(Short text fragments from websites)
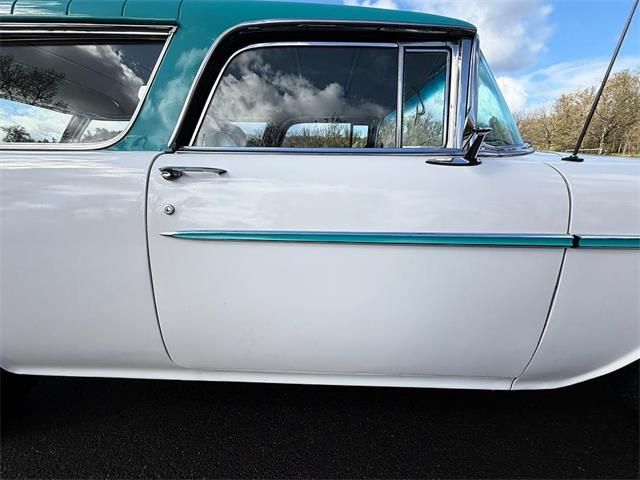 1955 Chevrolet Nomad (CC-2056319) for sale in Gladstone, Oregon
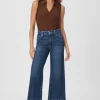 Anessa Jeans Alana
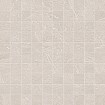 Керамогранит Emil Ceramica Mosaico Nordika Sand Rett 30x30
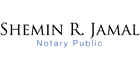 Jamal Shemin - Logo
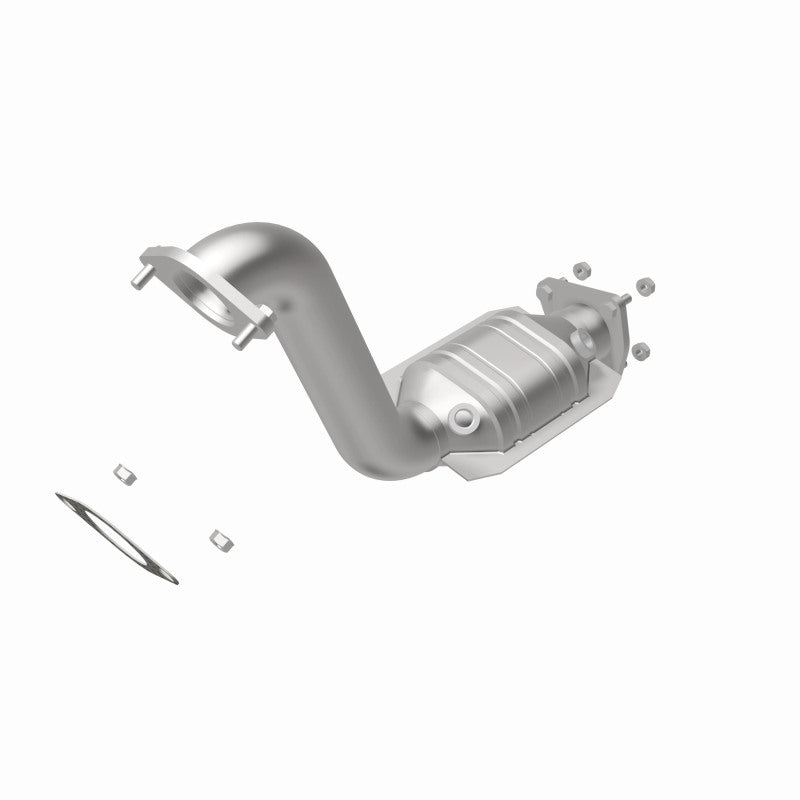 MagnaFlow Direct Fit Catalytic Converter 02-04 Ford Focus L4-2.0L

▶ [TASK PROMPT] Each line from the one that holds "Anessa Jeans Alana" through the end of the entries must be returned exactly, while any pictures stay out.

▶ [EXERCISE OUTPUT]
 Anessa Jeans Alana
 Керамогранит Emil Ceramica Mosaico Nordika Sand Rett 30x30
 Jamal Shemin - Logo
 MagnaFlow Direct Fit Catalytic Converter 02-04 Ford Focus L4-2.0L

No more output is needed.